So at noon on Friday, “just like every year,” Walton said, there he was on the beach, ready to take the plunge.
Rather than the huge crowds associated with the old normal, a few bystanders looked on as a mask-wearing Walton set up a briefcase, a pair of shoes and a small American flag. The barefoot Walton “plunged” up to his ankles.
Walton also paid tribute to his plunge co-founder Stacy Demcher by producing a pair of fashionable high heels Demcher destroyed in last year’s event.
“She has no problem trashing a pair of shoes every year,” Walton said, chuckling. “She gets into it.”
A group of visiting young women, recent graduates of Penn State University, cheered Walton on and celebrated, while maintaining social distancing. In Walton’s mind, the event had taken place.
“I felt it was important to do something to keep the continuity of the event going,” he said. “At least in my mind.”

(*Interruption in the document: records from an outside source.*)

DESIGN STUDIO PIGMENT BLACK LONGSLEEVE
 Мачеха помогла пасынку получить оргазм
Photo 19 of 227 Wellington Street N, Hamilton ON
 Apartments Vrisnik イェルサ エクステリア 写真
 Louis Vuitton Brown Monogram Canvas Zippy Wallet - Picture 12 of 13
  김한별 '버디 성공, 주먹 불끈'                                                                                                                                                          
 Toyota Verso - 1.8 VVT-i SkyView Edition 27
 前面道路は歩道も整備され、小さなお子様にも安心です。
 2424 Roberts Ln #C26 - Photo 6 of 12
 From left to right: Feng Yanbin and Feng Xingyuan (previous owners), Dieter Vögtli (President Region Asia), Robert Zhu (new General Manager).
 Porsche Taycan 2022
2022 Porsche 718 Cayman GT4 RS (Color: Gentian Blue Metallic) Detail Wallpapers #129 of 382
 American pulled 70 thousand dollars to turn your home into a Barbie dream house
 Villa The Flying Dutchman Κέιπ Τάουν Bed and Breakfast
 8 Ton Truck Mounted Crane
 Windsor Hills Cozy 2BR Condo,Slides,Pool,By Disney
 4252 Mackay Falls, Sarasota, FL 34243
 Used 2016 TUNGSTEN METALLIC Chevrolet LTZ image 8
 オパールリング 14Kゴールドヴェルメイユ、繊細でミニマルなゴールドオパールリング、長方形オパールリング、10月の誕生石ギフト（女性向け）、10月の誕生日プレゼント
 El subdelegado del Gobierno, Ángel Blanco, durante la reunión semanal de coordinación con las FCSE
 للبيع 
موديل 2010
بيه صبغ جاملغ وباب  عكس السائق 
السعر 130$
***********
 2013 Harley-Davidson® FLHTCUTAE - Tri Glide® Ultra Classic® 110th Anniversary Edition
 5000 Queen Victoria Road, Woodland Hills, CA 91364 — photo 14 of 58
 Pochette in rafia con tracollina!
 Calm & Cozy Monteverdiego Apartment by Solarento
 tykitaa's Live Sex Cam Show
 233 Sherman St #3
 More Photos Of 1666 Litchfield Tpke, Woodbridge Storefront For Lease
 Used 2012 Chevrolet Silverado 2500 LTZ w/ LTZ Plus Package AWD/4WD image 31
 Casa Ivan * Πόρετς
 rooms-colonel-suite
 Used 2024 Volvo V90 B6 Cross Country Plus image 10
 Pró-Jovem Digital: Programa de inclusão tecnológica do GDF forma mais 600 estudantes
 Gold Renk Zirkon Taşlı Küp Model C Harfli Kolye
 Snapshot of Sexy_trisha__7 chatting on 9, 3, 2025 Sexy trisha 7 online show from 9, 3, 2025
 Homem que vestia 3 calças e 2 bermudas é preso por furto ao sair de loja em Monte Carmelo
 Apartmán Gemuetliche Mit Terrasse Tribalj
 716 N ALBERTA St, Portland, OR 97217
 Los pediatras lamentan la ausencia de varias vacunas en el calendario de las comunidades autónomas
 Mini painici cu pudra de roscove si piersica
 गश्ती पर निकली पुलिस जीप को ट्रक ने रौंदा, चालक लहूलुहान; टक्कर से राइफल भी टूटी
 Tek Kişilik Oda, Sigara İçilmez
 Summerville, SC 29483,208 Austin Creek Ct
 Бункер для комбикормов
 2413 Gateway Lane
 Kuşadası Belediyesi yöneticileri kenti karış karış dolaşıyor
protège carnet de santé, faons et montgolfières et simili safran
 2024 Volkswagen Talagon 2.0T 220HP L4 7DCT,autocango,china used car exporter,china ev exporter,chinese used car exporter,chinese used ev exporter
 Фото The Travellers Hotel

“Keeping with tradition, the plunge made its mark, albeit without its zany pomp and circumstances,” he added.
Still, Walton said it was an important act of symbolism. He also urged visitors, residents and second homeowners to have fun this weekend but to not lose sight of the reason for the holiday, to honor American servicemen and servicewomen who made the supreme sacrifice.
“The vibe of the plunge has always been a super-fun spectacle,” he said. “The many veterans who take part remind us of the sacrifices they have made so that we can have a great Memorial Day weekend and enjoy fun stuff like this.”